The demands of the peasant insurgents did not differ fundamentally from those of the striking workers or the rebellious sailors of Kronstadt: equality, a just distribution (as opposed to the privileges of the party bosses that could be observed), acceptance of nationalized state industry, socialism in its broad sense - and soviet democracy in the spirit of 1917 - emerged as the basic principles popular in the countryside and the urban centers. The peasant uprisings and a number of strikes against the forced economy of the Bolsheviks should thus also be seen as a mode of “collective bargaining by riot” [3] with a foe with whom one shared certain fundamental values.

The Bolsheviks also gradually realized that they could not achieve their political goals solely by means of compulsion and violence. In view of the general hardship and destruction, in many questions they were compelled to yield to popular pressure. This related to the need to restore commerce. The requisitions were replaced by a tax on natural produce. The often terrible anti-kulak campaigns were halted. The widespread program of forced labor and work armies was abandoned. It was important for political legitimacy to grant the soviets greater latitude again. In the meantime, all the competing socialist parties had been ousted from the soviets. Many of their members were behind bars or had emigrated.

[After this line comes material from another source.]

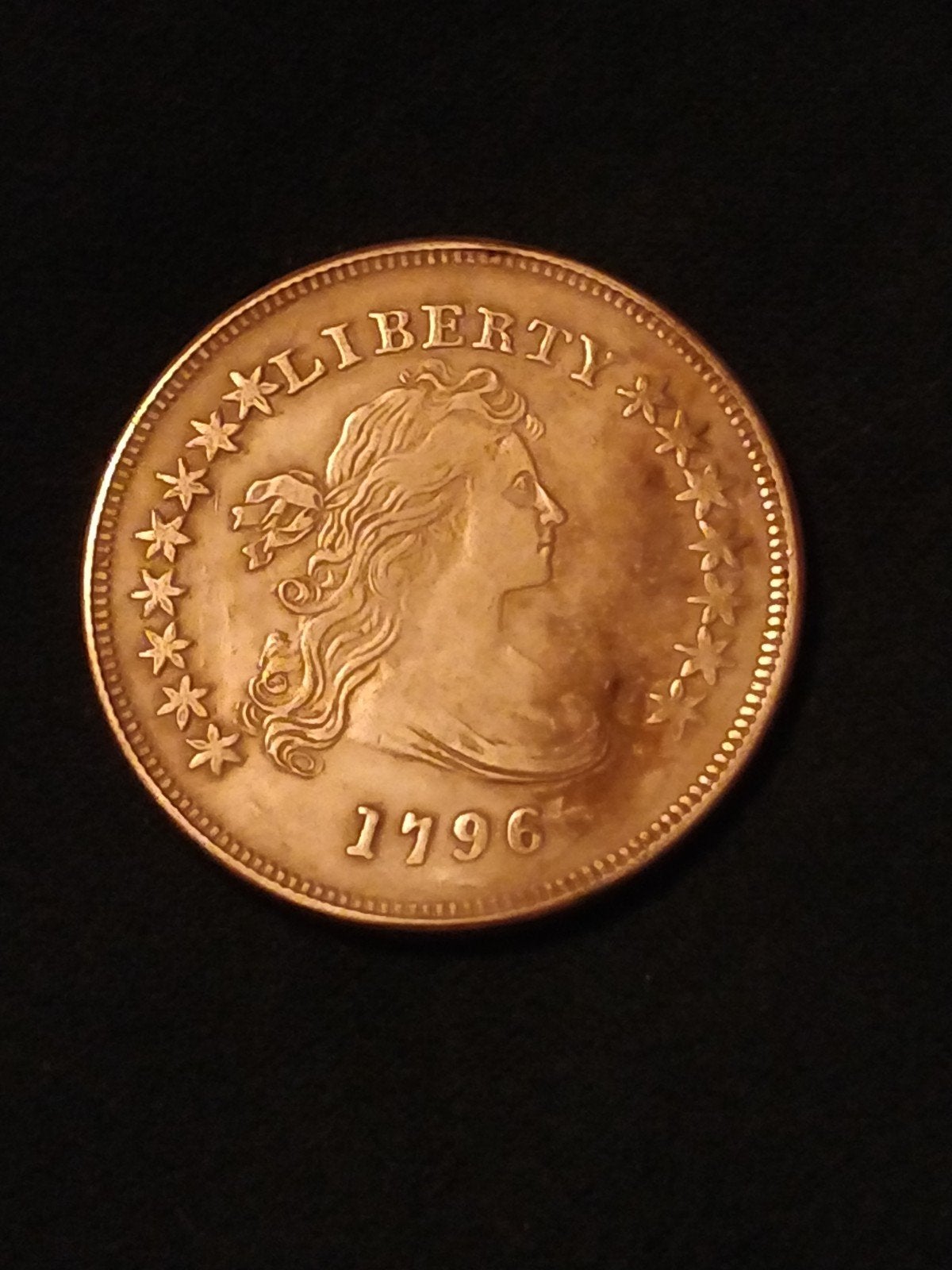 Replica zilverkleurige munt 1796 Liberty, Ophalen of Verzenden, Noord-Amerika, Losse munt, Zilver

Given the array of different currents in the party in 1921/22, it cannot be unambiguously determined whether the concessions were only tactical in nature or derived from basic realizations. Yet the ban on factions and adherence to a political monopoly of the Bolsheviks, proclaimed at the 10th party congress in 1921 - “dictatorship of the proletariat and the poor peasantry” in Bolshevik parlance - made it clear to the population who was in charge.

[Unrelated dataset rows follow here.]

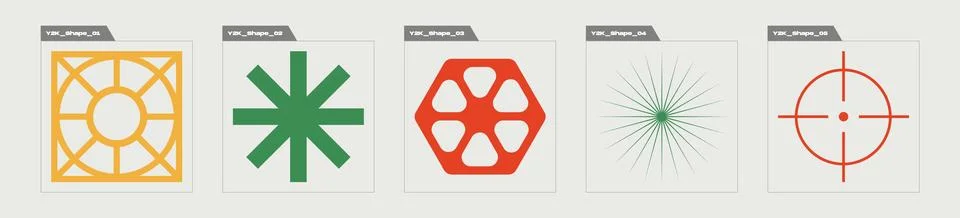 Vector Graphic Assets Set. Trendy geometric postmodern figures. Templates for Stock Illustration
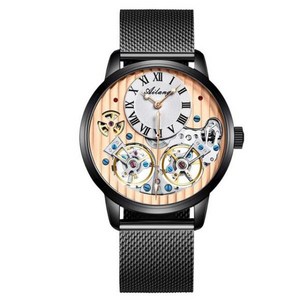 럭셔리 브랜드 고가의 남성용 시계 자동 기계식 로마 더블 뚜르비용 방수 가죽 남성 시계 고가시계브랜드
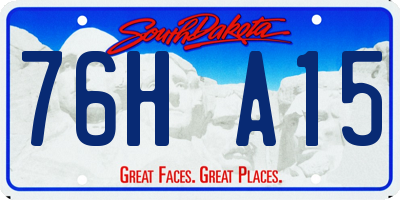 SD license plate 76HA15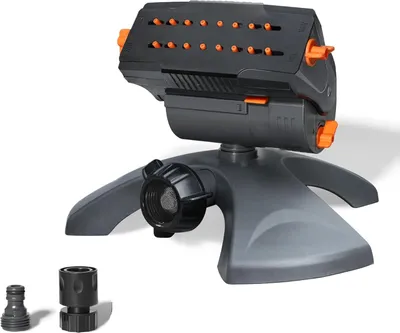 Produktbild von Diivoo Mini Turbo Oszillierender Rasensprenger 16 Düsen Gartensprinkler mit Schnellanschluss und Basis Wassersprinkler Einstellbare Breite Reichweite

In Western Europe, the end of World War One did not lead to a fundamental destabilization of the state. However, in Eastern Europe the Paris Agreements did not bring about a satisfactory solution. The struggle for national statehood determined the armed conflicts from Finland to Turkey (and the Near East). A very specific combination of class struggle, namely proletarian internationalism as a new variant of imperialist thinking, and national state-building was implemented in Russia. The most important actors on this stage, the Bolsheviks, did not have the primary goal of building a new state or empire. Yet in the process they became the blood-soaked architects of a new species of statehood.

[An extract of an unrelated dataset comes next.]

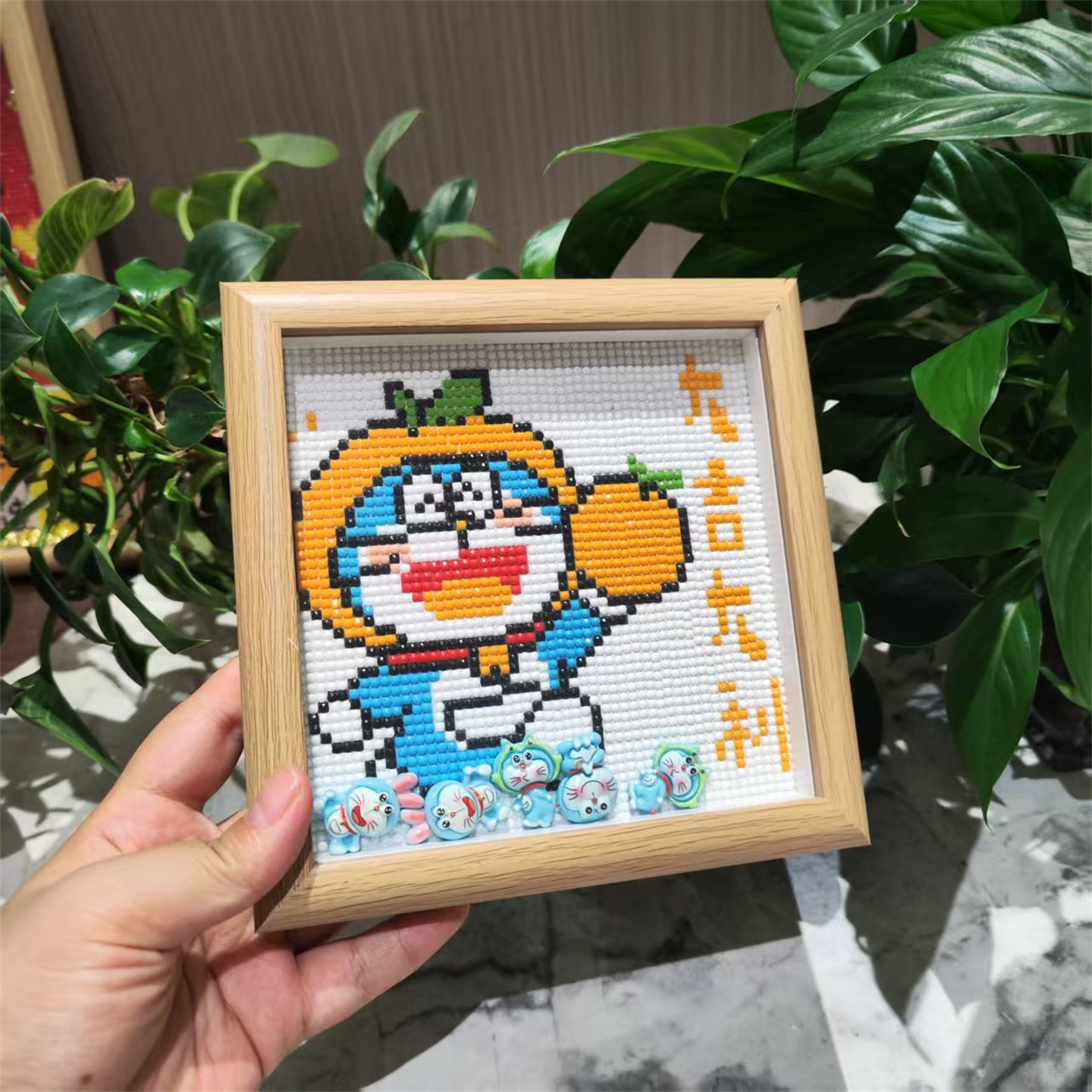 机器猫【送画框】可爱蓝胖子小幅钻石画2026新款手工钻石绣摆台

The institutional arrangements that crystallized during the Civil War were quite original. There was a new type of party: as a supranational, non-propertied yet nonetheless ruling political class. It governed the new empire dictatorially, holding it together. This permitted organizing the state as a union of republics, that is, prospective nation-states. By contrast, the party had to remain “international.” It proved itself as an alterable multifunctional organization. The party governed the country after a fashion. Despite changes in the profile of its personnel, politics and mentality, and the ever shifting tasks it was confronted with, it remained the backbone of the empire. It is difficult to determine the degree to which it was bolstered in this venture by its ideal convictions and ultimate goals, and to what extent with the outbreak of the Civil War it was driven solely by an insatiable hunger for power. That is particularly evident in the discussions about the significance of violence. There is no doubt that it remained constitutive for Bolshevik rule. The party had learned that political aims could be achieved by violence against a “backward,” recalcitrant population; it had determined that progress could only be realized by exercising brute force. Here, in a highly specific manner, the exercise of violence and a fundamentalist-radical variant of enlightenment joined hands.